--- Task brief ---
Write out all the data verbatim. Skip images.

--- Data below ---
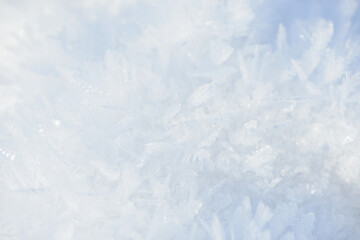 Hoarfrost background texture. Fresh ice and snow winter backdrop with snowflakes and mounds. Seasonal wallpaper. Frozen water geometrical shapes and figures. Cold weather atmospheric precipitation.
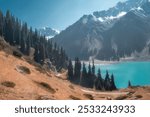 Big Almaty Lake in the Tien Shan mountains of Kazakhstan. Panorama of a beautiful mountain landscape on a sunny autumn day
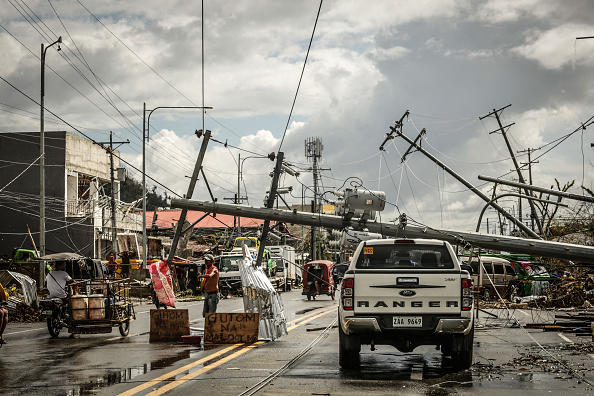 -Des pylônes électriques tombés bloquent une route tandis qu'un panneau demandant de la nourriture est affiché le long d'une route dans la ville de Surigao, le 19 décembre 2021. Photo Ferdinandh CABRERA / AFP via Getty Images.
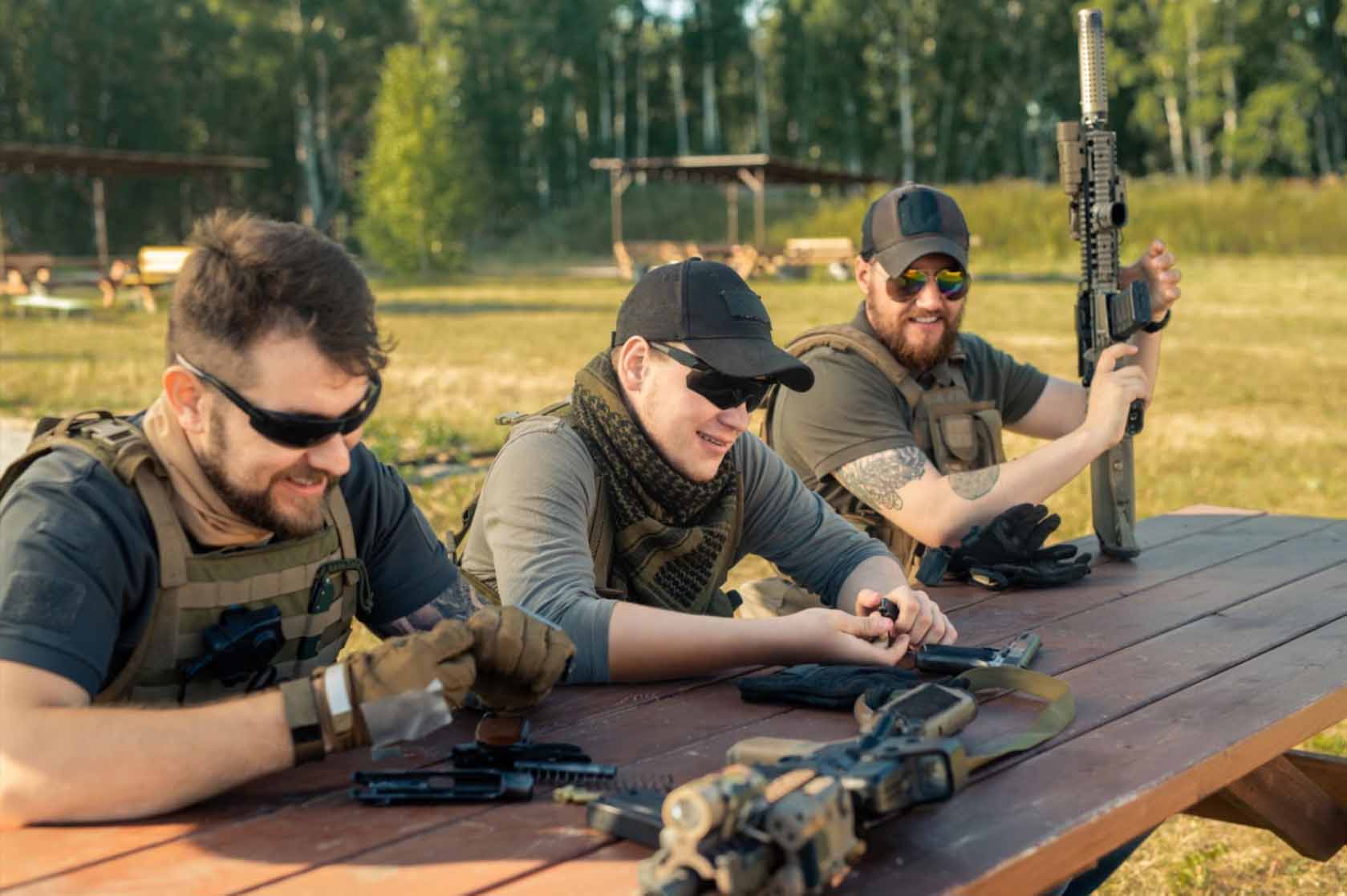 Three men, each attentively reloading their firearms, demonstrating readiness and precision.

--- Task output ---
 Hoarfrost background texture. Fresh ice and snow winter backdrop with snowflakes and mounds. Seasonal wallpaper. Frozen water geometrical shapes and figures. Cold weather atmospheric precipitation.
 Big Almaty Lake in the Tien Shan mountains of Kazakhstan. Panorama of a beautiful mountain landscape on a sunny autumn day
 -Des pylônes électriques tombés bloquent une route tandis qu'un panneau demandant de la nourriture est affiché le long d'une route dans la ville de Surigao, le 19 décembre 2021. Photo Ferdinandh CABRERA / AFP via Getty Images.
 Three men, each attentively reloading their firearms, demonstrating readiness and precision.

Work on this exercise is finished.